City fees are the new members-only clubs—we keep seeing more and more of them, and nobody really likes it.
Following in the footsteps of other iconic cities like Italy’s very own Venice, Manchester, UK is now introducing a new fee for visitors starting this Saturday, April 1. While our eyebrows might raise and our noses wrinkle, it actually is for a good cause.
The fee is aimed to help the city government make your stay the best it can be. According to the newly formed Accommodation Business Improvement District (BID), the funds will be used to make guests feel welcome and to improve street cleanliness, amplify marketing campaigns, and invest in the local economy to secure large-scale events, conferences, and even festivals.
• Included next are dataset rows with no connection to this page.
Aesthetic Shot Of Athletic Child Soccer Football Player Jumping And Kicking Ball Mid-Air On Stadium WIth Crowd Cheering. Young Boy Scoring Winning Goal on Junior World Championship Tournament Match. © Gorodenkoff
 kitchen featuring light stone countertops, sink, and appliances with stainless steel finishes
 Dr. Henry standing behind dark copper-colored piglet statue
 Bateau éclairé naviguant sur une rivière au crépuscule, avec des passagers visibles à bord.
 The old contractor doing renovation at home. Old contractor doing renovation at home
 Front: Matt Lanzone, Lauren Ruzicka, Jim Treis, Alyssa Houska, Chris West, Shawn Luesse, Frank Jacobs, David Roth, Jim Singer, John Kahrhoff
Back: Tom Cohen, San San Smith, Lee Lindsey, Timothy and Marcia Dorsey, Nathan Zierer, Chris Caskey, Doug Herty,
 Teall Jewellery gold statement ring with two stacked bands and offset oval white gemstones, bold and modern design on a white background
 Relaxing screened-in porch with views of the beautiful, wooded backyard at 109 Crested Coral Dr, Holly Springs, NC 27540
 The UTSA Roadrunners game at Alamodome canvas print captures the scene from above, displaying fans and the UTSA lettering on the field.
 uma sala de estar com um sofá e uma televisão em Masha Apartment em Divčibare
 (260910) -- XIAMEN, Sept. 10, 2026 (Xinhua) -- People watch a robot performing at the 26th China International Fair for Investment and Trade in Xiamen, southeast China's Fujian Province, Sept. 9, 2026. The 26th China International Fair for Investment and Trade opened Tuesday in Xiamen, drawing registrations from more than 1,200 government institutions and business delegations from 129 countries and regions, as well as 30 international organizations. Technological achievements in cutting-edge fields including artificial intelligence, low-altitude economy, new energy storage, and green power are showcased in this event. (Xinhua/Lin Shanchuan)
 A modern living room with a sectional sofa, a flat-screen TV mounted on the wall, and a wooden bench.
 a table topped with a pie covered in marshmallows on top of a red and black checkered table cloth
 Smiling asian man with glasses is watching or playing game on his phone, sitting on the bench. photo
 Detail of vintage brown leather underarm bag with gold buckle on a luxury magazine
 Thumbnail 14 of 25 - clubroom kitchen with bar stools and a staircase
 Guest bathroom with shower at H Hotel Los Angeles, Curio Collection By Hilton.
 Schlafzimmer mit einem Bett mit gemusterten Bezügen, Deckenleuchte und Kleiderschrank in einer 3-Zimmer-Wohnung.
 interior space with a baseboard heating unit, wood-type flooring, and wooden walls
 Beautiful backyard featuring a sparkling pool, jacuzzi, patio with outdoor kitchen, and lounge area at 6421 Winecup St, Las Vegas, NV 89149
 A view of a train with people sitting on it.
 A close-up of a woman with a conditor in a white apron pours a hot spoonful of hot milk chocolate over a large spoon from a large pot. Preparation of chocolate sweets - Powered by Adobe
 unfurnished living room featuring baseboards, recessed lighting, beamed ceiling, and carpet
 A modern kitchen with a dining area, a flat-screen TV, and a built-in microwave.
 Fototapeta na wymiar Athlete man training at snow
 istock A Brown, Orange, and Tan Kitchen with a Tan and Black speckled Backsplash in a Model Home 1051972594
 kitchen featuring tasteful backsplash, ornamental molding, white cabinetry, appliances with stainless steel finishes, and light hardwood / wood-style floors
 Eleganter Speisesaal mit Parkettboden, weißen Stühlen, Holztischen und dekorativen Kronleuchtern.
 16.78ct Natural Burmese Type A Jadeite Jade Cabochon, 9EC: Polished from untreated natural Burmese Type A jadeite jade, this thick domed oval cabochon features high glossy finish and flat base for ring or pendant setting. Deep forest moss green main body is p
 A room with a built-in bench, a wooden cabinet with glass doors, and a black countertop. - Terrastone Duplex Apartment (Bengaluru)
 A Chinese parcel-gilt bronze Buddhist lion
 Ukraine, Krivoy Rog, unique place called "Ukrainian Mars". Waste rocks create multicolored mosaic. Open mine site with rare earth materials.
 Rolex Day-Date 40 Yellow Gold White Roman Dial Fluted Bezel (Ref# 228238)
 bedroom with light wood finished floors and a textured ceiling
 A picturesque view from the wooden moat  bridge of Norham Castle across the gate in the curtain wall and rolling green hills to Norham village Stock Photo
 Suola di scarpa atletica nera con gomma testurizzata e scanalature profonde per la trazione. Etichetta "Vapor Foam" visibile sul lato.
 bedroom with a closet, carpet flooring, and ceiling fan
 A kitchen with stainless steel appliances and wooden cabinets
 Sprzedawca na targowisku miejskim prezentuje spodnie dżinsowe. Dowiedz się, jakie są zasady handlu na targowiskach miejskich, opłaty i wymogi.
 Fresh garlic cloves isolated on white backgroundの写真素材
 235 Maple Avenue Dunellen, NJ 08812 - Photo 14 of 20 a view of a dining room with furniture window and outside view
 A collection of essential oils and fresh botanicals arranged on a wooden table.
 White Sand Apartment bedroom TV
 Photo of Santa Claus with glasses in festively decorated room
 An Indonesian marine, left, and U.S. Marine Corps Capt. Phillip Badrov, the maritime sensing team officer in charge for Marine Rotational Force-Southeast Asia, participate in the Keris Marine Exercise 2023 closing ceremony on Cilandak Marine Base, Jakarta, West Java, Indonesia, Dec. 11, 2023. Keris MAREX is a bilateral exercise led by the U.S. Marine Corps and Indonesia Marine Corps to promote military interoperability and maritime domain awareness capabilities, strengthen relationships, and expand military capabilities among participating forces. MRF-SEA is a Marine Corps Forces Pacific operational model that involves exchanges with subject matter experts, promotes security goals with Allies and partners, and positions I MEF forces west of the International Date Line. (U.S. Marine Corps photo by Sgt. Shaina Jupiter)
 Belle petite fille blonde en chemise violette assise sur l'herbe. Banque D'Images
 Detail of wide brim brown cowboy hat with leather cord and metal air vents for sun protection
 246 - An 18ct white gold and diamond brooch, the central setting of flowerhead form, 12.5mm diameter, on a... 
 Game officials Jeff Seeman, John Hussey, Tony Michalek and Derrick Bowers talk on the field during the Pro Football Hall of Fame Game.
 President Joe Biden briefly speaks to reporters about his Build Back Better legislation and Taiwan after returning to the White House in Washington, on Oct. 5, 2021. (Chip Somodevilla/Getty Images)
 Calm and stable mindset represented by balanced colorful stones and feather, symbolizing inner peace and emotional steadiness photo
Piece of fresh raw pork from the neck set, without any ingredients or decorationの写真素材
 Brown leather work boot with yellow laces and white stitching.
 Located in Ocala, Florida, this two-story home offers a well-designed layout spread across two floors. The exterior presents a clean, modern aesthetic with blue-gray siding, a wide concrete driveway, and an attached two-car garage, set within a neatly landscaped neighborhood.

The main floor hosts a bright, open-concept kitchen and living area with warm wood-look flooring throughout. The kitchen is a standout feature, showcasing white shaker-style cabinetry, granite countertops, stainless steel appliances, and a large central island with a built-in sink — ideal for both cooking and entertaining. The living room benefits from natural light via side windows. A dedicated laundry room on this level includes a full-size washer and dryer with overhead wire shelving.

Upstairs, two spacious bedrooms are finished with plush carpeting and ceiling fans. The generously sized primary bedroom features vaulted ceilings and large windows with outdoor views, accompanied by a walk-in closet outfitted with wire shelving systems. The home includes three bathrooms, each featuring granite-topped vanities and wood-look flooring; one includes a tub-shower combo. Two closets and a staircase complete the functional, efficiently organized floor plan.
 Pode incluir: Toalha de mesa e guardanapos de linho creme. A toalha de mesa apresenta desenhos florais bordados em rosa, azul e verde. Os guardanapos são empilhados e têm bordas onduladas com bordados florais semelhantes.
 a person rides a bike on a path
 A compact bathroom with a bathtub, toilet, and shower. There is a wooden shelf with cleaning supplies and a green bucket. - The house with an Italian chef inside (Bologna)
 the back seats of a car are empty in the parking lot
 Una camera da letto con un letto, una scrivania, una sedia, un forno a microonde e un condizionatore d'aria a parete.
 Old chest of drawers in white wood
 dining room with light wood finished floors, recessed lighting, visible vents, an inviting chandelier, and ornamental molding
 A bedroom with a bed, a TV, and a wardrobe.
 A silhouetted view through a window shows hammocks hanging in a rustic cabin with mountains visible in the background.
In short, it is intended to serve the city as well as its residents and tourists.
It will be just like local taxes and hotel surcharges that travelers are already used to seeing in the US. The cost will be £1 (roughly $1.23) per room/unit per night for visitors, and it will be added to the final accommodation bill payable by guests. It will then be collected by the BID, and applied to the aforementioned sectors to guarantee a better and wider visitor experience.
Manchester is the first UK city to introduce its own tourist tax. With the additional revenue, BID officials are looking forward to bringing to life their new vision for Manchester, and are already promising that the funds will directly benefit the city’s initiatives and projects. On that note, BID Chair and General Manager of Hampton by Hilton Manchester Northern Quarter Annie Brown shared in a statement:
“I’m looking forward to working with my colleagues on the Board to steer the Manchester Accommodation BID in the right direction, making sure we’re squeezing everything we can out of every pound we take from via the City Visitor Charge, and being part of the first Accommodation BID in the country—another Manchester first.”